▶ [Collected data]:

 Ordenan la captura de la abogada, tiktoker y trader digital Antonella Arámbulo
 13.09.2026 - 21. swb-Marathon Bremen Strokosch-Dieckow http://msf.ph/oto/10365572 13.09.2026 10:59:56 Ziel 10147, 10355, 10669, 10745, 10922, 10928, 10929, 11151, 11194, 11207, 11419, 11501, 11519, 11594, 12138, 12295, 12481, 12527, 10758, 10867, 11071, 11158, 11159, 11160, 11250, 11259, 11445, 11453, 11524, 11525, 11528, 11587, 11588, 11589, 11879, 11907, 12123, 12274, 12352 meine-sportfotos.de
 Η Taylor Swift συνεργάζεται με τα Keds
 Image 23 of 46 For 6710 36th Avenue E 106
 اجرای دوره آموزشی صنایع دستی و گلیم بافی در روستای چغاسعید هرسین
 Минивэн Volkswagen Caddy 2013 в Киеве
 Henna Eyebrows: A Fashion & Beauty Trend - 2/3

▶ [ABOUT THIS TASK]: Write out again, exactly as they appear above, the lines from the one containing "Image 23 of 46 For 6710 36th Avenue E 106" to the final line, and only those.

▶ [RESPONSE]:
 Image 23 of 46 For 6710 36th Avenue E 106
 اجرای دوره آموزشی صنایع دستی و گلیم بافی در روستای چغاسعید هرسین
 Минивэн Volkswagen Caddy 2013 в Киеве
 Henna Eyebrows: A Fashion & Beauty Trend - 2/3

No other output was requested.